Samarium Sm 153 and Stem Cell Transplant Followed By Radiation Therapy Patients With Osteosarcoma
Information source: Sidney Kimmel Comprehensive Cancer Center
ClinicalTrials.gov processed this data on August 23, 2015 Link to the current ClinicalTrials.gov record.
Condition(s) targeted: Sarcoma
Intervention: filgrastim (Biological); ifosfamide (Drug); peripheral blood stem cell transplantation (Procedure); Sm-EDTMP (low dose) (Radiation); sm-EDTMP (higher dose) (Radiation)
Phase: Phase 2
Status: Completed
Sponsored by: Sidney Kimmel Comprehensive Cancer Center Official(s) and/or principal investigator(s): David M. Loeb, MD, PhD, Principal Investigator, Affiliation: Sidney Kimmel Comprehensive Cancer Center
Summary
RATIONALE: Radioactive drugs, such as samarium Sm 153 lexidronam pentasodium, may carry
radiation directly to tumor cells and not harm normal cells.

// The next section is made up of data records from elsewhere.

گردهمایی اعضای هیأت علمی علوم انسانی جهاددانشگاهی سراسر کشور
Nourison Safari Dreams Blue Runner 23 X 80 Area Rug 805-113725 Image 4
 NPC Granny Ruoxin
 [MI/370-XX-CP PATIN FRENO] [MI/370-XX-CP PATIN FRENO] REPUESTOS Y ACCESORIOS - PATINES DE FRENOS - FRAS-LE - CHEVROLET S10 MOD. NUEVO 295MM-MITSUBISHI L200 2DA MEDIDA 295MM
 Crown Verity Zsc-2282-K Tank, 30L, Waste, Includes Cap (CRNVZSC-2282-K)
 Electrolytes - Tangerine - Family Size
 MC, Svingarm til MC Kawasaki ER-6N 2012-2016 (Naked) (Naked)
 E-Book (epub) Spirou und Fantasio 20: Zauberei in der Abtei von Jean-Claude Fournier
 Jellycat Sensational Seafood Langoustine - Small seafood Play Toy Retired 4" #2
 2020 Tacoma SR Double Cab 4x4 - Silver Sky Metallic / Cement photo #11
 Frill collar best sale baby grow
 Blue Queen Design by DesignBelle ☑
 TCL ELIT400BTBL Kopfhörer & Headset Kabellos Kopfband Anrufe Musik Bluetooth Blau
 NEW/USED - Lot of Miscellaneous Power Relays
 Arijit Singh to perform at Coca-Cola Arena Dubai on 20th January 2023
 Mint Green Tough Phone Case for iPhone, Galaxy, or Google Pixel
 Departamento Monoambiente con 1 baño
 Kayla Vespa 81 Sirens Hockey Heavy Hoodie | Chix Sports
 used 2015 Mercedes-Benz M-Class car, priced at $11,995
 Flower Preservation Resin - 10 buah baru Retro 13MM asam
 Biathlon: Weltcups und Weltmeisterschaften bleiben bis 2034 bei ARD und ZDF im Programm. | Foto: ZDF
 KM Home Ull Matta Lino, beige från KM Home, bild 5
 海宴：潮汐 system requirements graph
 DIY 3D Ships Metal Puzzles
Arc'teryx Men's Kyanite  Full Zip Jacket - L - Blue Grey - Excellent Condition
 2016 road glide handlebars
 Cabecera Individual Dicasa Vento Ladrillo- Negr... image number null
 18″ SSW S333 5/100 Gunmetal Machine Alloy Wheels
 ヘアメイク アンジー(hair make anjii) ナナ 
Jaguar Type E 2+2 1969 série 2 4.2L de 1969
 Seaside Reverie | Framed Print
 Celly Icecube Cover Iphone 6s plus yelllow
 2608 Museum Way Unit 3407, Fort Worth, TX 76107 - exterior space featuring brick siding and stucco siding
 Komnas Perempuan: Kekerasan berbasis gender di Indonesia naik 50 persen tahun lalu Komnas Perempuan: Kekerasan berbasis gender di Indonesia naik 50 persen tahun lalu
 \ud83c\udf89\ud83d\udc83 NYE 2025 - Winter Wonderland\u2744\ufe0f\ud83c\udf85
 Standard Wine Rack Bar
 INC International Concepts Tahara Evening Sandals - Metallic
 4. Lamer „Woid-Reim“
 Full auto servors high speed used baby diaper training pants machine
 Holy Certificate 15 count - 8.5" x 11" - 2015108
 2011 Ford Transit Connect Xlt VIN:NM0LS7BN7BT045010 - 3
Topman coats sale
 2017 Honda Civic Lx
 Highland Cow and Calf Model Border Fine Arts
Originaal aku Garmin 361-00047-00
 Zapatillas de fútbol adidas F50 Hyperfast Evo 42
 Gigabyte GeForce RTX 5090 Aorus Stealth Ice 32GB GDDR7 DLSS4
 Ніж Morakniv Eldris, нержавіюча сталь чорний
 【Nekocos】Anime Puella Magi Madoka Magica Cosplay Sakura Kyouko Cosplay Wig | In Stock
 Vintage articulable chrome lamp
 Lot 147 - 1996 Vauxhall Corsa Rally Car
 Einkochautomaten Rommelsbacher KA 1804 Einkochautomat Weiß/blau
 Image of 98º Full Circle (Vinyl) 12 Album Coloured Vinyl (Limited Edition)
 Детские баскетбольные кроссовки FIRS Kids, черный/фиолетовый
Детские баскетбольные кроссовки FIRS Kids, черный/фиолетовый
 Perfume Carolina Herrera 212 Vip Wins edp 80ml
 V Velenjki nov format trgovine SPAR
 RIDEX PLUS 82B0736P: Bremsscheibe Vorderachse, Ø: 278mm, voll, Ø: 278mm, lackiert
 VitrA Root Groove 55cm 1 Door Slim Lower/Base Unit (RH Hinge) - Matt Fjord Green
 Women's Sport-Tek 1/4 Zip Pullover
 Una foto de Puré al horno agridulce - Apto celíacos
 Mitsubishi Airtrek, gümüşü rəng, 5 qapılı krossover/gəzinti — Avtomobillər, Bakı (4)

A peripheral stem cell
transplant may be able to replace blood-forming cells that were destroyed by chemotherapy
and samarium Sm 153 lexidronam pentasodium. Radiation therapy uses high-energy x-rays to
kill tumor cells. Giving samarium Sm 153 lexidronam pentasodium together with a peripheral
stem cell transplant and radiation therapy may kill more tumor cells.
PURPOSE: This phase II trial is studying how well giving samarium Sm 153 lexidronam
pentasodium together with autologous stem cell transplant and radiation therapy works in
treating patients with recurrent or refractory, metastatic, or unresectable osteosarcoma.
Clinical Details
Official title: High Dose Samarium-153 With Peripheral Blood Stem Cell Support in High Risk Osteogenic Sarcoma
Study design: Intervention Model: Single Group Assignment, Masking: Open Label, Primary Purpose: Treatment
Primary outcome: Tumor Response
Secondary outcome: Predictive Value of Imaging StudiesOverall and Progression-free Survival After Study Treatment Toxicity at End of Study Treatment Long Term Side Effects of Infusional Samarium-153 After Study Treatment Correlative Dose of Radiation by Low Dose and High Dose Samarium-153
Detailed description:
OBJECTIVES:
Primary
- Determine the clinical response in patients with recurrent or refractory, metastatic,
or unresectable osteosarcoma treated with high-dose samarium Sm 153 lexidronam
pentasodium (^153Sm-EDTMP) and autologous peripheral blood stem cell transplantation
followed by external-beam radiotherapy.
- Correlate the amount of radiation delivered to a tumor with low-dose ^153Sm-EDTMP with
that of high-dose ^153Sm-EDTMP in patients treated with this regimen.
Secondary
- Determine the overall and progression-free survival of patients treated with this
regimen.
- Determine the toxicity of this regimen in these patients.
- Determine the long-term effects of this regimen in these patients.
- Determine the predictive value of fludeoxyglucose F 18 positron emission tomography
(FDG-PET), diffusion-weighted MRI, and magnetic resonance spectroscopy for evaluation
of treatment response in patients treated with this regimen.
OUTLINE: Patients are stratified according to resectability of the primary tumor (recurrent,
refractory, or very high-risk disease vs unresectable primary tumor).
- Mobilization and collection of autologous peripheral blood stem cells (PBSCs)* :
Patients receive ifosfamide IV daily for 5 days followed by filgrastim (G-CSF)
subcutaneously daily. Patients then undergo leukapheresis for collection of autologous
PBSCs until ≥ 2 x 10^6 CD34-positive cells/kg are collected.
NOTE: *Patients who have undergone PBSC collection before study entry proceed to high-dose
samarium Sm 153 lexidronam pentasodium (153Sm-EDTMP) infusion without mobilization and
collection of autologous PBSCs.
- 153Sm-EDTMP infusion: Patients receive a trace dose of ^153Sm-EDTMP** IV over 1-2
minutes and undergo bone scan 4, 24, and 48-72 hours later. Six weeks later, patients
receive high-dose ^153Sm-EDTMP IV over 1-2 minutes and undergo repeat bone scans 4, 24,
and 48-72 hours later.
NOTE: **Patients may receive the trace dose on protocol JHOC-J0094.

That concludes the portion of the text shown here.